The Library as a Temple
Weekends in my childhood meant visiting three places. First, after the slow death of Friday and with it the passing of another school week, I went to my dad’s house. Second, on Saturdays – after a luxurious extra hour in bed and no one screaming about lost uniforms or being late or forgotten homework – my dad took us to the local library. And third, on Sundays, we went to church.
Those two mornings were not dissimilar: books (multiple on Saturdays, singular on Sunday); gatherings of people; discovering things and overhearing conversations that were nothing about the ordinary boredoms of the week (Horrible Histories was more exciting than history class, and clapping and dancing, rock music Christianity more interesting than RE lessons); myths (Greek and Roman on Saturdays, Judeo-Christian on Sundays); and a sense that although there were books of cartoons and posters of superheroes on the walls, something deeply important and mysterious happened here, and I might understand it when I was older.
As I grew older, the similarities deepened: hushed respect (except from young children, tolerated in their expenditures of energy for so long, before taken to another room to learn and leave the adults their calm); remembrance of what it is to slow down, how it feels to forget the mundane, and how refreshing it is to focus on those things that feel more important than our weekly preoccupations and yet seem harder to justify spending more time on; communing with those who share our passions and sometimes introduce us to new ways of seeing; and buildings that in no way indicate transcendence of the ordinary or the depth of experience and breadth of history contained inside (the library being a red brick Lego assembly of a cube, the church a spare room in the local leisure centre).
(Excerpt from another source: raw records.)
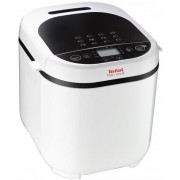 Bread Makers Tefal PF210138, white 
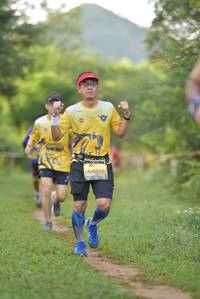 BIB: 0020
                            <button type="button" onclick="openModal(4929211)" class="btn btn-primary btn-sm float-right btn-popup" data-toggle="modal" data-target=".modal-high-quality">
                        <i class="fas fa-shopping-cart"></i> Add to Cart
                    </button>
                                            <button type="button" onclick="isThisMe(4929211, true)" class="btn btn-success btn-sm float-right btn-popup btn-isme hidden" data-toggle="tooltip" data-placement="bottom" title="นี่คือรูปของคุณใช่ไหม คลิกที่นี่เพื่อเอาเข้าอัลบั้ม">
                        <i class="fas fa-plus"></i> Add to album
                    </button>
                    <button type="button" onclick="isThisMe(4929211, false)" class="btn btn-warning btn-sm float-right btn-popup btn-isnotme hidden">
                        <i class="fas fa-ban"></i> Remove from album
                    </button>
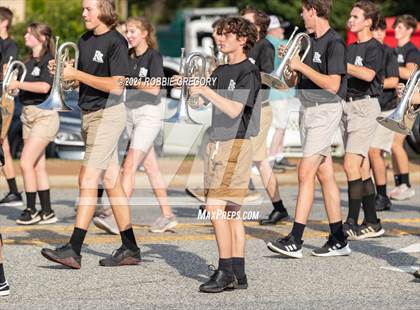 Thumbnail 3 in Spartanburg @ Byrnes photogallery.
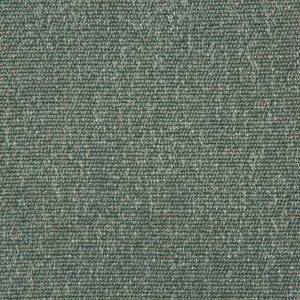 Kravet Fabric 35943-35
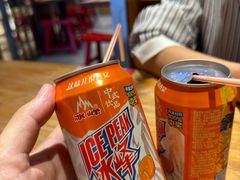 -陇上秦轩西安biangbiang面(EFC欧美金融商业城店)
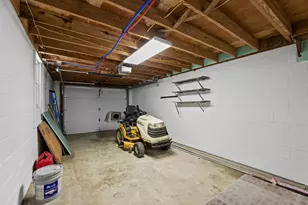 11510 Longbranch Rd, Moores Hill, IN 47032 - Photo 33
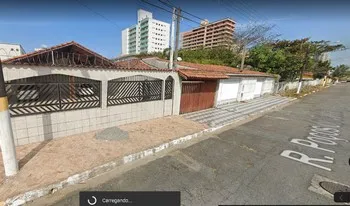 Condomínio Atibaia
It is not surprising that in my mind the place of books and the place of The Book became entwined.
Libraries are often held up as modern cathedrals, places of secular worship. While they certainly are more than utilitarian warehouses of data, the comparison with churches gives too much credit away. The need for a common place of shared values and communion precedes religious institutions: Libraries vastly predate cathedrals, and secured their place in civilisation long before Christian churches, by several thousand years. Still, there is something to the notion of the library as a temple that is worth making use of.
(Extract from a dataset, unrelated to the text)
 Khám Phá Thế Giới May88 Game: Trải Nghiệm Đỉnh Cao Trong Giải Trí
The language of the sacred and the numinous* lends itself aptly to placing the library at the heart of culture. Cicero reportedly said that a room without books is like a body with a soul; the same can be said of a society with no place for literature. This is increasingly difficult for many people to understand, as their everyday lives leave less room for books, and the library becomes that old, musty place once visited in childhood. But it need not stay this way, and there are ways to reimagine libraries – public and personal – as a space for something sustaining.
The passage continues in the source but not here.